Infix tokenizer

Objectives

  • Use an associative array (map)
  • Use queues
  • Create a finite state machine that can parse arithmetic expressions into tokens
  • Implement a complex algorithm using C++

Overview

The objectives for this assignment are to use associative arrays (maps in this case), a queue, and an extended finite state machine to parse a string containing an arithmetic expression into tokens and place those tokens into a queue for further processing. The next assignment translates the expression from the current infix notation into postfix notation, and then evaluates the postfix expression. Tests should be done to make sure your program works properly before submitting it for grading. Notice that output from a sample run has been provided.

This assignment looks difficult at first, but the steps that are laid out are detailed. You are likely to have a few questions, but the assignment should primarily be a translation exercise from pseudocode into C++. I'll be available to answer questions, provide guidance, and check out your code as it develops to help debug it and get it running.

There are three user-defined classes and the main program that make up this assignment.

  • FSM: contains data and methods needed for the finite state machine
  • FSMRule: used internally within the finite state machine
  • Token: represents each token in the input expression
  • infixTokenizer.cpp: the main program which runs everything (and can contain the other classes)

Finite state machines

Finite state machines are a concept that is often used in computer programming. You may even have done something equivalent or similar without even realizing it. The basic idea is that there are a finite number of states. You begin in one particular state and start processing input. Each state has rules for what it will do with different types of input. As input is read, the appropriate rule is looked up based on the current state and the input that was read. The rule describes what actions should be taken and the next state to move into. This assignment uses an extended finite state machine (a finite state machine with memory) to parse tokens in an input stream and output them to a queue. The basic diagram for this state machine, without the associated actions, is shown below.

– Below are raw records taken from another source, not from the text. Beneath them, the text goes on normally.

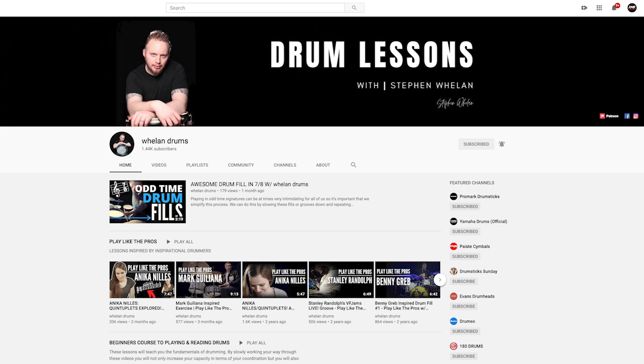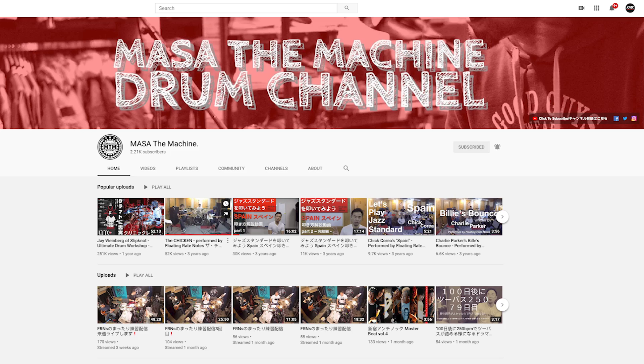I also want to give a shout out to two YouTube buddies who do a lot of lessons and have very valuable content. One is Whelan Drums — a guy from Ireland with some really cool stuff on his channel. The other is Masa the Machine, based in Japan, who does some really awesome things on the drum set and diagrams them all out. Some really good exercises to find on both channels.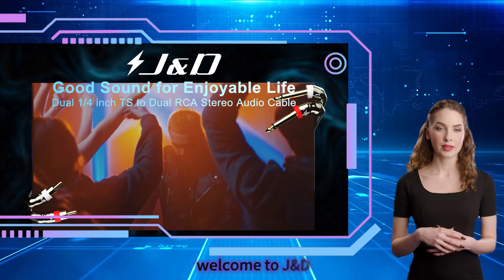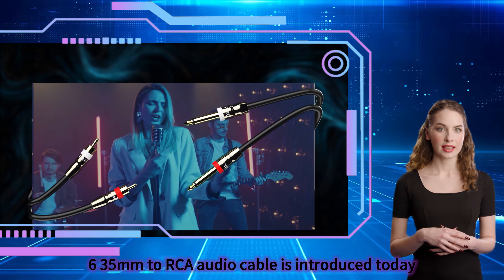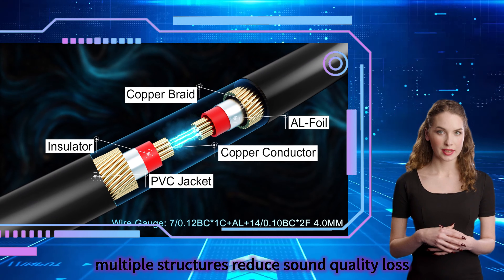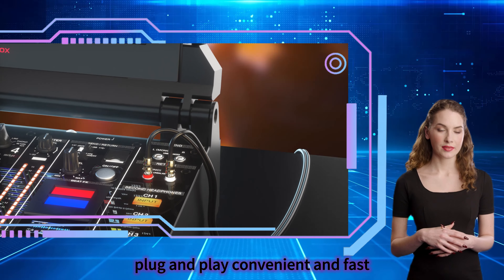Hello everyone, welcome to JAN-D. A 6-piece 3.5mm to RCA audio cable is introduced today. Gold-plated copper shell design. Multiple structures reduce sound quality loss. Plug and play, convenient and fast.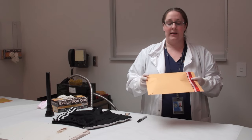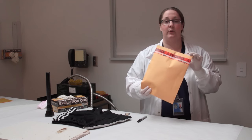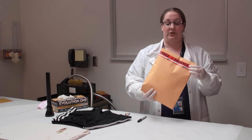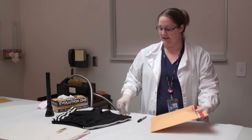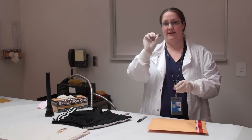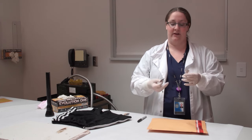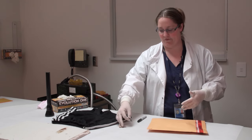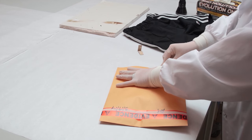It's really important that when I get into this, I do not want to break this seal either, so I can leave it intact. When this case goes to court, the officer that collected it can say yes, that is my seal and it hasn't been tampered with. So I'll open this piece of evidence in another location. We have disposable razors here so we're never using the same object again on a piece of evidence - that prevents contamination from one piece of evidence to another.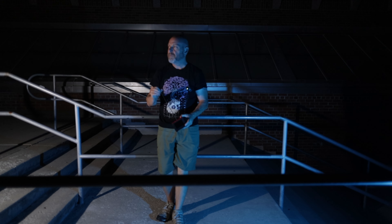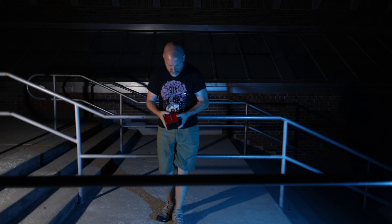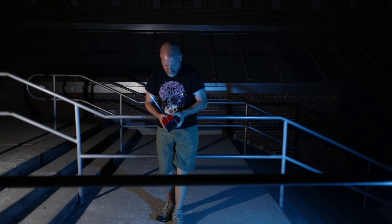Hey everybody, back again tonight, back at the high school that is full of tragedy and full of weird noises — even while I'm setting up to do this video. I've set a second mic down at the bottom of the stairs because I'm really curious to see if it captures anything. Just really curious to see what happens investigating here. If you haven't seen my previous daytime video, please check it out.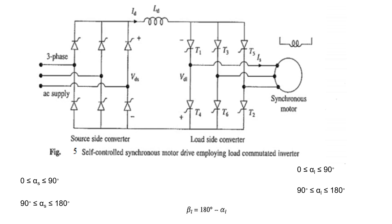Now, the reason we call this a load commutated inverter is that in the load side converter, the conducting thyristors are turned off — that is, commutation is done — by the induced voltage of the synchronous motor itself. When the synchronous motor is operated at a leading power factor, the conducting thyristors are turned off by the motor's induced voltages. So the condition is: when the synchronous motor operates at a leading power factor, the motor induced voltage is sufficient to turn off the conducting thyristors on the load side. That is why the name is load commutated inverter.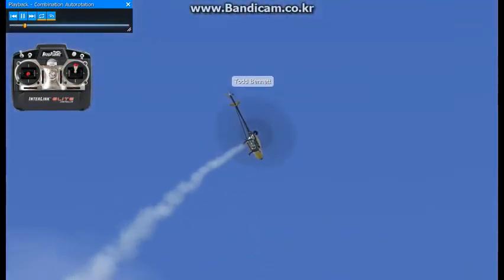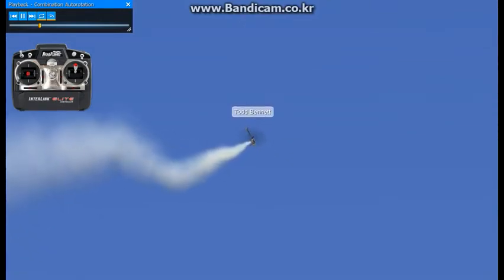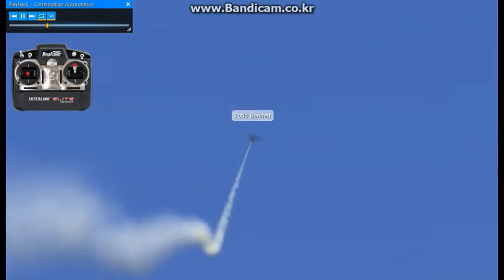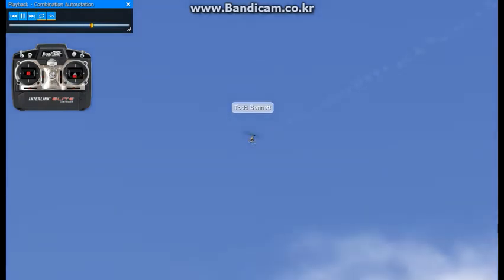This autorotation is the roll and the flip tied together. You want to have the flip down and the roll down very good, and then tie the two together. When you tie the two together for the first time, get a little bit more altitude than you normally would. This is an example of how we tie things together in autorotations using combinations of different maneuvers.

finite state machine diagram
Finite state machine diagram

Description of states in state machine

  • waiting for start of operand or open parenthesis
  • operand with sign only so far
  • operand with digits, but no decimal point
  • operand with decimal point, but no digits yet
  • operand with digits and decimal point
  • waiting for operator or close parenthesis

Template

A template is available so you can start with the Token, FSM, and FSMRule classes. It is located at infixStart.txt.

infixTokenizer.cpp

This is what you have to write to do all the work. You can start by grabbing the template for the assignment and renaming it infixTokenizer.cpp. This assignment uses maps, a queue, and implements a finite state machine. There are three global variables and seven functions you have to implement.

Note: In the pseudocode below, you may see something like: if rule.actions includes FSM::ERROR. That means that you are actually checking a bit in rule.actions to see if it is set. Fortunately, there are constants already set up in the FSM class to make this easy. Here's the code that would check rule.actions to see if it includes FSM::ERROR: if ((rule.actions & FSM::ERROR) != 0) { ... }

Note: Adding a new Token to the infixQueue involves creating the Token and then adding it. Here's how you would add a new Token using: Token::OPERAND, operand, 0, true Token tkn(Token::OPERAND, operand, 0, true); infixQueue.push_back(tkn);

infixTokenizer global variables

  • a reference variable to hold a new FSM
  • a map named precedences which associates a string with an int
  • a map named leftAssociative which associates a string with a bool

int main()

This is the method that does most of the work. It has two main loops, one nested inside the other. The outer loop keeps getting one line of input at a time from the user. The inner loop processes one character at a time from the input data.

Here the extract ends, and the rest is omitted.